After chapel was complete I spent an hour in a class taught by Professor Grant Horner (he of the Bible-reading plan). Greg Koukl happened to be there as well and we spent the time talking to the students and answering their questions. 

Later in the afternoon Lukas Van Dyke took me off to the middle of nowhere (almost literally) to do a photo shoot. There’s a magazine that is doing an interview with me in an upcoming issue and my friends have been mocking me that in every interview I do, there’s always the same old photo of me. I took this as a sign that it was time for some new ones. Lukas got all creative, setting me up in a field with a desk and chair. Weird but fun. I’ll show you the shots when they’re ready.

A bit later on I had dinner with Travis Allen and Phil Johnson (and their wives). Good times.

You know, I realized something about myself yesterday as I sat at the front of the gymnasium there at The Master’s College. I was just a couple of minutes away from going to the front—actually, the M.C. was just introducing me—and I realized, “I am absolutely terrified right now.” Not in the sense of pit-of-the-stomach butterflies or heart-pounding or anything like that, but more like that feeling I get when I’m on a roller coaster and heading up the first hill, the hill it will race down to gather all its speed. There hasn’t been a time, right near the top of that hill, where if there was an “undo” button—a button I could hit to return to the start—I wouldn’t hit it. I’d hit that button and get out of the coaster. Every time.

I remember that same feeling when I was a kid, jumping off a high diving board. I’d stand up there, gather my nerve, and jump. But in that moment after my feet left the board, I’d always undo my action if I could. I’d always get back on the board, if falling to the water wasn’t inevitable, if there was a way out.

Of course once you’ve left the diving board there is no going back; once you’ve started up the hill, the coaster can’t return to the station. And once you are at the front of the room being introduced, there’s nothing to do but go up front and preach. I couldn’t hit the undo button, so I went up and spoke and enjoyed it even. But that moment is an interesting one, that moment where I feel something that is very close to terror.

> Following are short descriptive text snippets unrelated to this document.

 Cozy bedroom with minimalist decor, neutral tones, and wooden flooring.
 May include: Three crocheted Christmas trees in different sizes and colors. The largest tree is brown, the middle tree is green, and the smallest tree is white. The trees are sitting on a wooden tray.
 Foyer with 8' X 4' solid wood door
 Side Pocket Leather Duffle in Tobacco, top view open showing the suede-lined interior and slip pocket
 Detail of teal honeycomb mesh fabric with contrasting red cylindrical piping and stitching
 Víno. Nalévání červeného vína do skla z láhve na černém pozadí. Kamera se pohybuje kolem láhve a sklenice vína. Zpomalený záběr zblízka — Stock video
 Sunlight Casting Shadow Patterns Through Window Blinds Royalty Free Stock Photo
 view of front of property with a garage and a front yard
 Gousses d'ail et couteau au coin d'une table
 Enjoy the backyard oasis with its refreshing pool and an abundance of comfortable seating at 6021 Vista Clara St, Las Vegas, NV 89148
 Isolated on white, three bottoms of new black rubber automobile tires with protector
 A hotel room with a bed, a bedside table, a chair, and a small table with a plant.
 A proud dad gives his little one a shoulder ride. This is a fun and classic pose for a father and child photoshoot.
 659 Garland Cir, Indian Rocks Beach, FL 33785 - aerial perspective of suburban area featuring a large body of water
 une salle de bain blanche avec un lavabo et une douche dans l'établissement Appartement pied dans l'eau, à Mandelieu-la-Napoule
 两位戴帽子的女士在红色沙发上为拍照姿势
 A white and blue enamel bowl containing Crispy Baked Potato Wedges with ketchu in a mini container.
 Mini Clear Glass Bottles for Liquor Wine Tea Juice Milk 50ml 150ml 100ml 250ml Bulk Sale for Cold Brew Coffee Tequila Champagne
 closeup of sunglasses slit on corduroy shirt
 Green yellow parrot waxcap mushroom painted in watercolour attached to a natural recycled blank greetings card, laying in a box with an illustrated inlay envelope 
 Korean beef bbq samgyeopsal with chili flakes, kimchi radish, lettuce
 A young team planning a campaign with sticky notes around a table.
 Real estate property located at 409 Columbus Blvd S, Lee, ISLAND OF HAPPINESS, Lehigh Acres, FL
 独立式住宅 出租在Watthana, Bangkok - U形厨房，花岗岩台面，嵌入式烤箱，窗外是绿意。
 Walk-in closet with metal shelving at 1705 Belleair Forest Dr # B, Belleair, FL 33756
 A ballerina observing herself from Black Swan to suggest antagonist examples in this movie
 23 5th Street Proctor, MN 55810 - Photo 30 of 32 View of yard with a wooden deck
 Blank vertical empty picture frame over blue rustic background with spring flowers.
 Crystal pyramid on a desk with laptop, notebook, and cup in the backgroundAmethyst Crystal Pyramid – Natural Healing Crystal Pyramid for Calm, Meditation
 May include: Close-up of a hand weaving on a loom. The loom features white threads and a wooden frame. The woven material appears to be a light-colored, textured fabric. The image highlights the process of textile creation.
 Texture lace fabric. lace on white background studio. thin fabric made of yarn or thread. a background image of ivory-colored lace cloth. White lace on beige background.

I don’t know if this is something most people experience or something unique to me as a shy individual and one who has no desire to be in the limelight or to be the one that everyone is looking at. It doesn’t last for long, but it is very nearly overwhelming in those few moments that I experience it. I don’t know that there are too many places in life where I have a more tangible experience of the Lord’s grace and favor than right there.